BEGIN

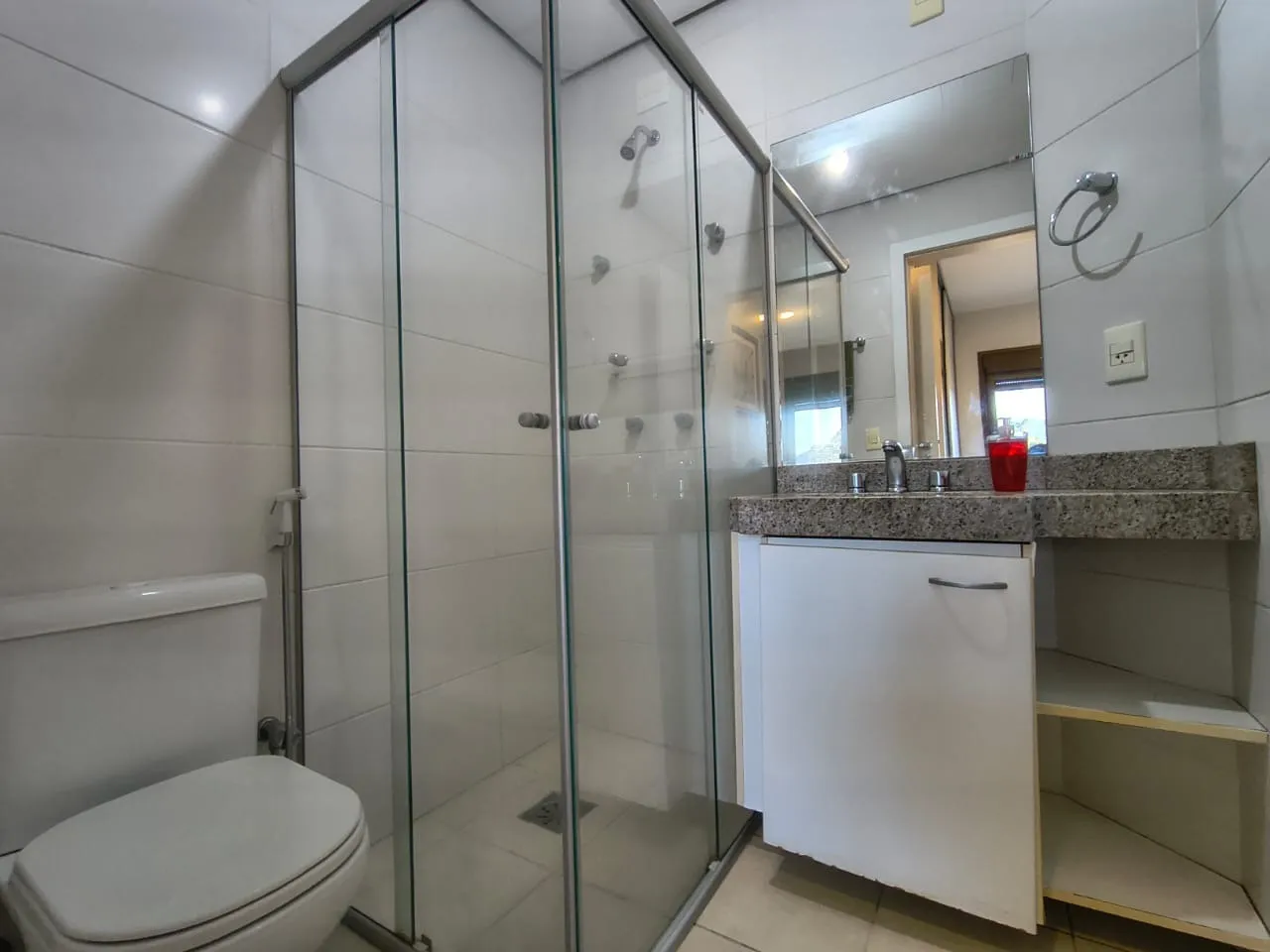 Furnished penthouse 107 m² with 2 bedrooms and 2 parking — photo 12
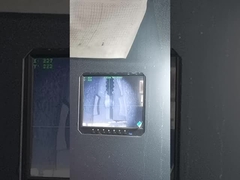 Laser heat treatment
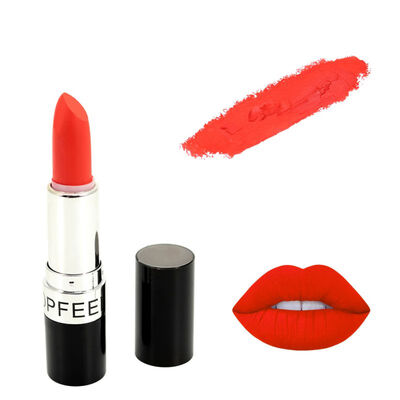 

Sexy Matte Lipstick Long-lasting Easy to Wear Pencil Lip Stick Cosmetic With Box 20 Colors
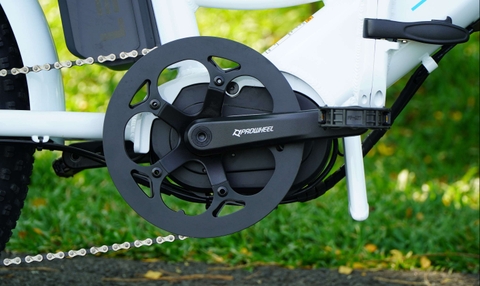 XE ĐẠP ĐIỆN TRỢ LỰC LECTRIC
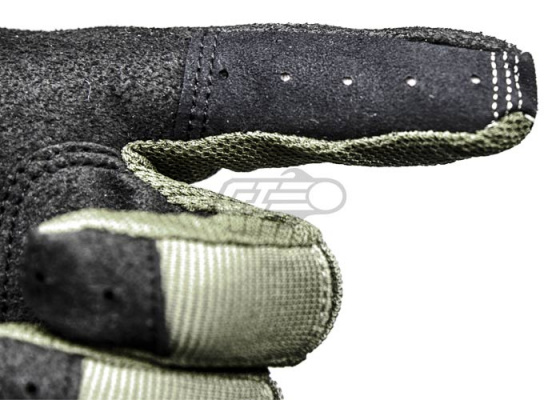 PIG FDT Alpha Touch Full Dexterity Tactical Glove ( Ranger Green / L )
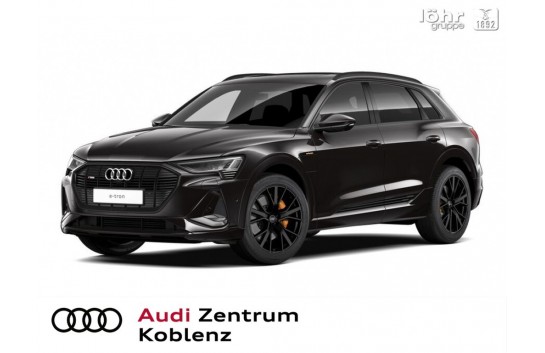 Audi e-tron 55 quattro S line image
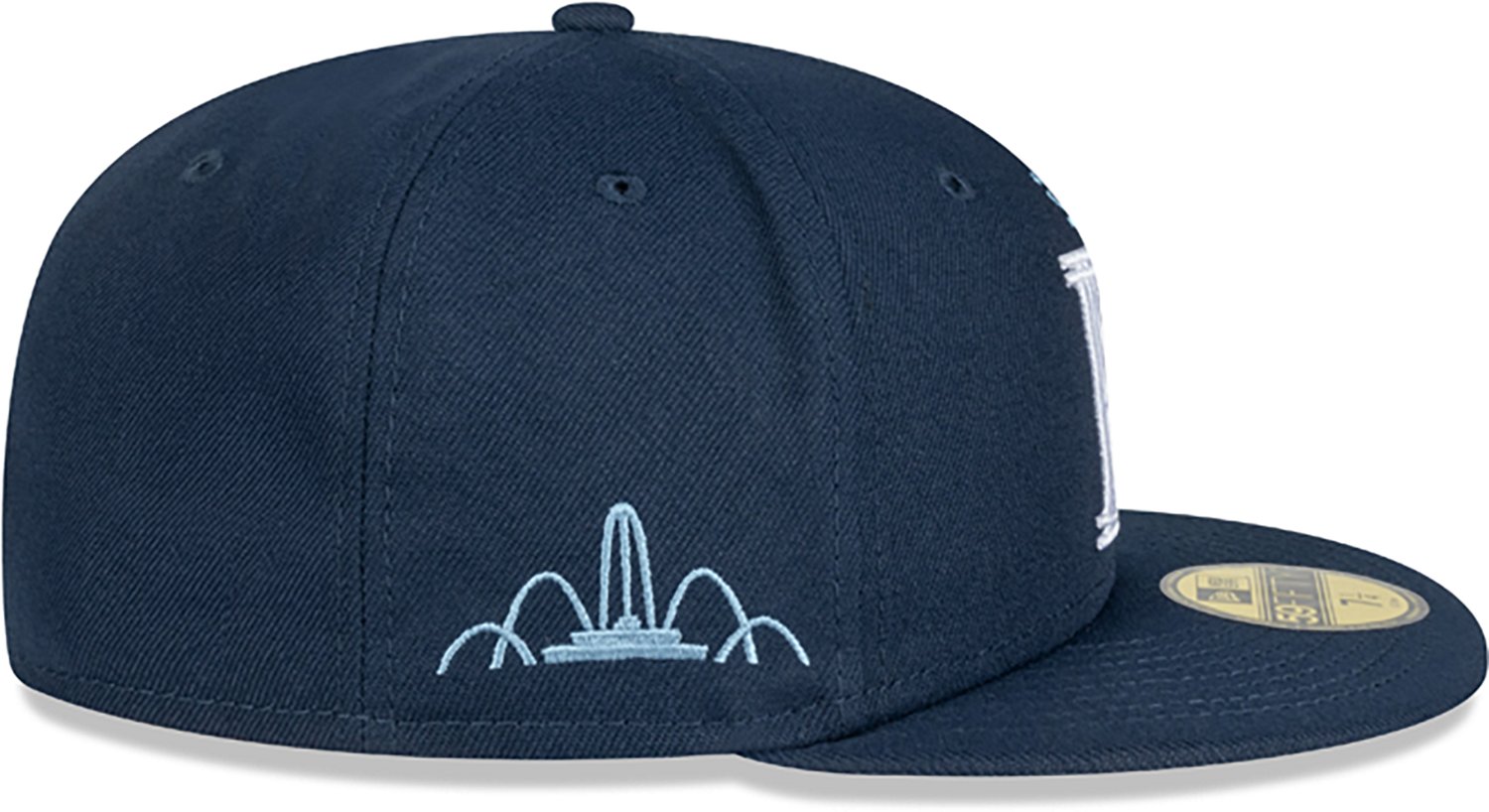 New Era Adults' Royals City Connect Fan Pack 59FIFTY Fitted Cap - view number 5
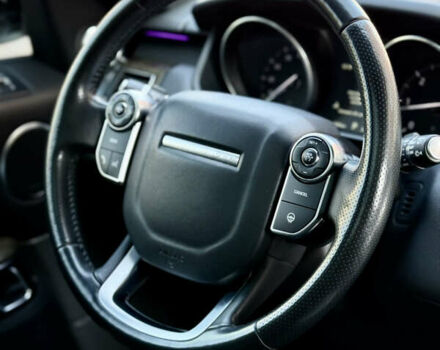 Белый Ленд Ровер Рендж Ровер Спорт, объемом двигателя 2.99 л и пробегом 184 тыс. км за 24990 $, фото 14 на Automoto.ua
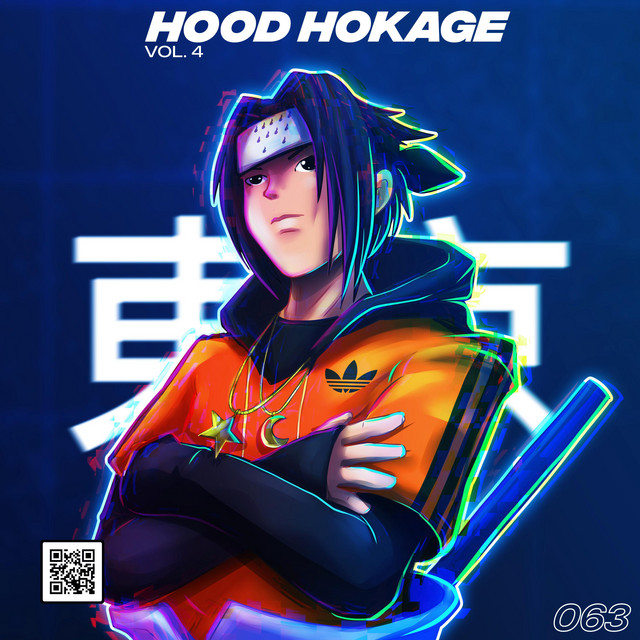 Hood Hokage, Vol. 4 cover art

END

▸ Activity
Only the pictures are to be left out; the rest of the material above should be printed verbatim.

▸ Written reply
 Furnished penthouse 107 m² with 2 bedrooms and 2 parking — photo 12
 Laser heat treatment

Sexy Matte Lipstick Long-lasting Easy to Wear Pencil Lip Stick Cosmetic With Box 20 Colors
 XE ĐẠP ĐIỆN TRỢ LỰC LECTRIC
 PIG FDT Alpha Touch Full Dexterity Tactical Glove ( Ranger Green / L )
 Audi e-tron 55 quattro S line image
 New Era Adults' Royals City Connect Fan Pack 59FIFTY Fitted Cap - view number 5
 Белый Ленд Ровер Рендж Ровер Спорт, объемом двигателя 2.99 л и пробегом 184 тыс. км за 24990 $, фото 14 на Automoto.ua
 Hood Hokage, Vol. 4 cover art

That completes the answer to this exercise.